A Functional Operator for Model Uncertainty Quantification in the RKHS: The QIPF
Abstract
We propose a fast single-shot uncertainty quantification framework where, instead of working with the conventional Bayesian definition of model weight probability density function (PDF), we utilize functional operators (inspired by physics) over the projection of model weights in a reproducing kernel Hilbert space (RKHS) to quantify their uncertainty at each model output. The RKHS projection of model weights yields a potential field based interpretation of model weight PDF which consequently allows the definition of a functional operator, inspired by perturbation theory in physics, that performs a moment decomposition of the model weight PDF (the potential field) at a specific model output to quantify its uncertainty. We call this representation of the model weight PDF as the quantum information potential field (QIPF) of the weights. The extracted moments from this approach automatically decompose the weight PDF in the local neighborhood of the specified model output and determine, with great sensitivity, the local heterogeneity of the weight PDF around a given prediction.

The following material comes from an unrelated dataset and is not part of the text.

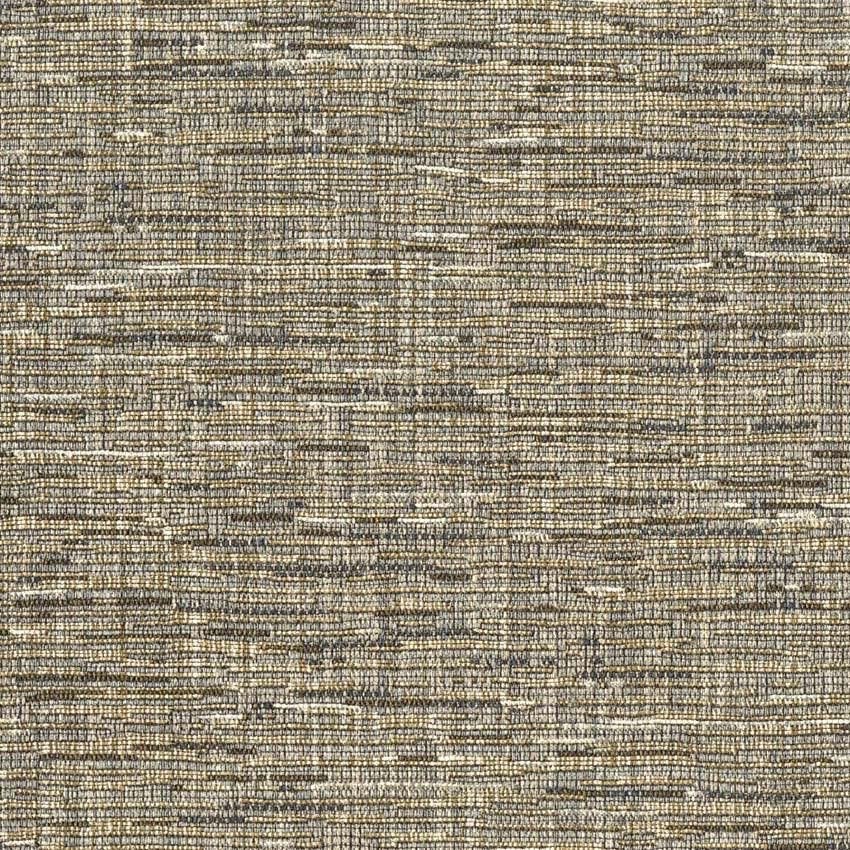 Arte Missoni Home Wallcoverings 03 Tweed - 10259 (ruim 14m!), Ophalen, Vinylbehang, Bruin, Arte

These moments therefore provide sharper estimates of predictive uncertainty than central stochastic moments of Bayesian methods. Experiments evaluating the error detection capability of different uncertainty quantification methods on covariate shifted test data show our approach to be more precise and better calibrated than baseline methods, while being faster to compute.
Goal:
Consider a $k$-class classification problem with training dataset \(\mathbf{D} = \{x_{i}, y_{i}\}_{i=1}^N\) consisting of $d$-dimensional input vectors $x_i \in \mathbb{R}^d$ and the corresponding target labels $y_i \in {1…k}$. Assume that a point-prediction neural network with weights $\mathbf{w}$ learns an implicit distribution $p(y|x, \mathbf{w})$ and its output corresponding to a test input \(x^*\) is \(y^*\). Our goal is to come up with a pseudo-probability (or uncertainty) measure for the true implicit posterior predictive PDF \(p(y^*|x^*, \mathbf{w})\).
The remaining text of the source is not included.